Looking forward to the next generation of green AI and data platforms, Chatterjee says we need to think about the planet and how we save more energy. That starts with every product needing to have a green angle, sustainable nutrition facts stating that “every architecture we build, we have to assess against leading practices, whether they are green, how green they are and whether they're energy and carbon efficient or not.”

How HCLTech and other organizations embed responsible innovation

The 2022 UN Climate Change Conference, or COP27, and other organizations have highlighted how dire the consequences of climate change in the future are. With this in mind, it’s important for companies like HCLTech to establish responsible innovation as part of it’s business critical strategies.

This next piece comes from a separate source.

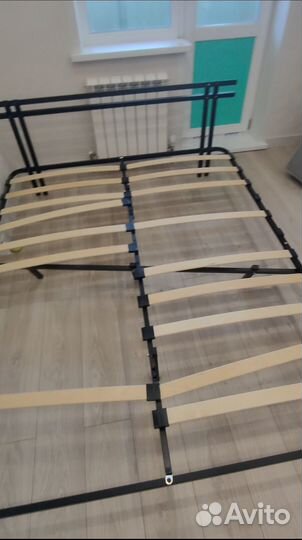 Кровать с матрасом 160 200 бу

Chatterjee suggests that HCLTech must continue to practice corporate responsibility, but at the same time educate or evangelize the customer.

“There are a lot of ways to help advise our customers, so we should be detailing all of our strategy to our customers to make sure that they are always using the right set up technology,” he said.

HCLTech’s CloudSMART offering architecting sustainability on cloud offerings to achieve ESG goals and create a sustainable future. As Chatterjee alludes to, technologies and offering, like CloudSMART, are permeating the marketplace to ensure that energy consumption and yearly budgets are affordable.

“There are a lot of technologies coming that will be taking over in the market,” said Chatterjee. “These technologies will make sure organizations will be adopting technologies that can make sure that their energy consumptions for their data centers and their yearly budget are allocated impactfully.”

Before adopting technologies, organizations can also look inward to begin developing green AI and data platforms by looking at all factors impacting their carbon footprints through well-architected sustainability assessments, being careful with what material is used for offices, other business structures, technologies adopted in the organization as well as for our customers.